There actually was a paper delivered at a national meeting some years ago by a physician who proposed that a family physician could extend his practice by hiring a number of PAs, each with a different specialty interest. By extending this concept, a few hundred physicians and surgeons with about 2500 PAs could care for all of Sacramento and El Dorado counties. Could the 2500 physicians they displaced find something more "useful" to do?

Marching in Washington, D.C. is anathema to most of us. Having a Journal on "Physician Empowerment" may be equally repulsive. But physicians are marching in many different directions. We are being divided as we are being conquered. The same institutions, whether healthcare, fiscal intermediaries, or the government, which have disempowered nurses, are now disempowering physicians. These institutions are on a mission, will listen to us politely, and continue in their quest for ultimate power.

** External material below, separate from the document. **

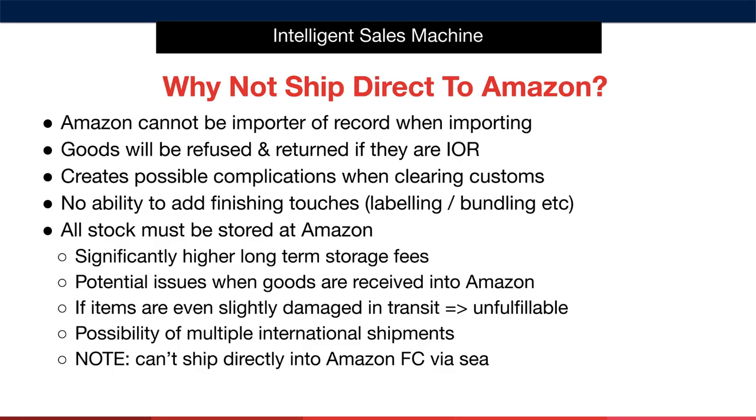You may still be wondering why we don't just ship direct to Amazon — surely that would be easier? The first key point is that Amazon cannot be your importer of record. If you send items into Amazon and have them as the importer of record, the goods will be refused and returned immediately. Sending direct into Amazon also creates possible complications when clearing customs. I've seen people have their items returned to their supplier due to these complications. I've almost always been on the wrong side of some of the rules myself, which is why I'm giving you this information. If you don't use a hub, you don't have the ability to add finishing touches such as labelling and bundling, which reduces your flexibility considerably. Many times, creating product bundles opens up new, untapped opportunities that you would never have had access to had you simply sent your items in directly.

Our obligation is primarily to the public, our patients, the 250 million Americans that depend on us for their life and death struggles. Only they can re-empower us. We must incessantly point out that when technicians working on one organ system, rather than nurses who know the entire patient, turn off the wrong ventilator; when technicians turn up the oxygen on a patient in CO2 narcosis, and eliminate the remaining hypoxic drive for life; it's the patient, the public, that dies. Otherwise, we may become a dying institution -- a dispensable profession. We can then join the nurses in their march as unsung heroes. We will then be supportive of each other as colleagues... Something we should have been all along.